Program

West Coast Offshore Wind Transmission Literature Review and Gaps Analysis

Closing the gaps to bring offshore wind energy to the nation’s West Coast

Image: National Renewable Energy Laboratory

The results

The project

Offshore wind energy is an emerging resource for producing clean, renewable energy across the United States, helping to achieve the Administration’s goal to create a carbon pollution-free power sector by 2035 and an eventual 100 percent decarbonized economy by 2050.

Offshore wind energy has the potential to help optimize existing electricity transmission systems and bolster coastal grids. While a significant offshore wind development pipeline has rapidly emerged on the Atlantic Coast during the past few years, offshore wind developers are now beginning to pay increasing attention to potential sites along the Pacific Coast. However, interconnecting large wind farms to coastal substations and transmission infrastructure may pose technical, economic, and policy challenges that need to be considered alongside the development of new electricity generation assets.

A variety of studies have focused on interconnection and transmission of offshore wind energy—ranging in time horizon, scale, and geographic focus—in the Western Interconnection. Additionally, many cost modeling efforts have occurred during the late 2010s and early 2020s. However, no comprehensive efforts have been undertaken to review these studies and identify gaps from a whole system perspective.

Following the Atlantic Offshore Wind Transmission Literature Review and Gaps Analysis and initiation of the Atlantic Offshore Wind Transmission Study and Atlantic Offshore Wind Convening efforts, DOE initiated a literature review of West Coast offshore wind transmission research to date.

Supported by the Department of Energy’s Wind Energy Technologies Office, wind energy experts at Pacific Northwest National Laboratory led the project to review existing literature focusing on the technical evaluation of offshore wind energy transmission through potential points of interconnection located along the coastlines of California, Oregon, and Washington.

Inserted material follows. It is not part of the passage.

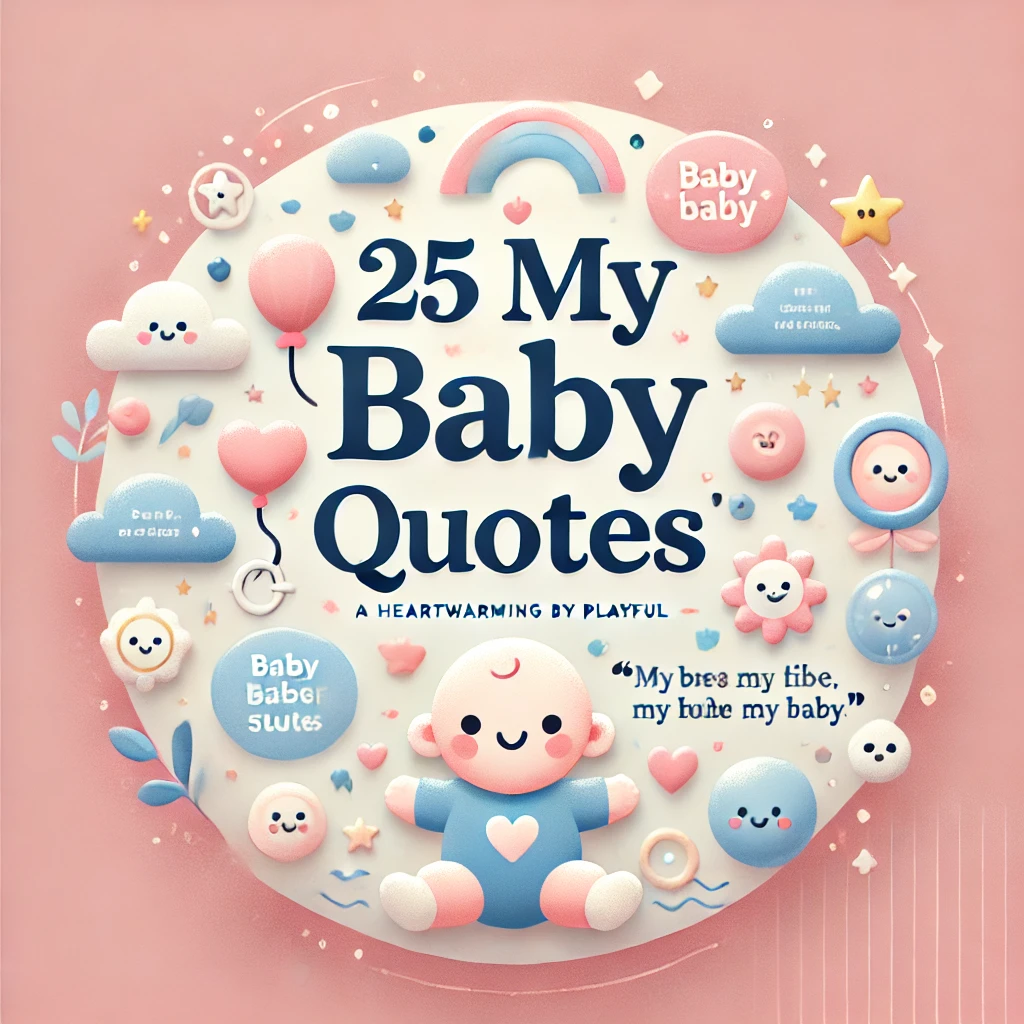 My Baby Quotes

The study took into consideration existing and emerging state policies and Bureau of Ocean Energy Management wind site lease activities. It was also informed by current analysis by Pacific Northwest National Laboratory of Southern Oregon and Northern California offshore wind power transmission, which has unearthed current perspectives of transmission system operators and their requirements to meet reliability standards and mitigate threats to system resilience.

The dynamics associated with transmission infrastructure development and generation mix evolution in the Western Interconnection also informed the gaps assessment.

Identification of these gaps will help guide future research efforts related to offshore wind energy on the West Coast.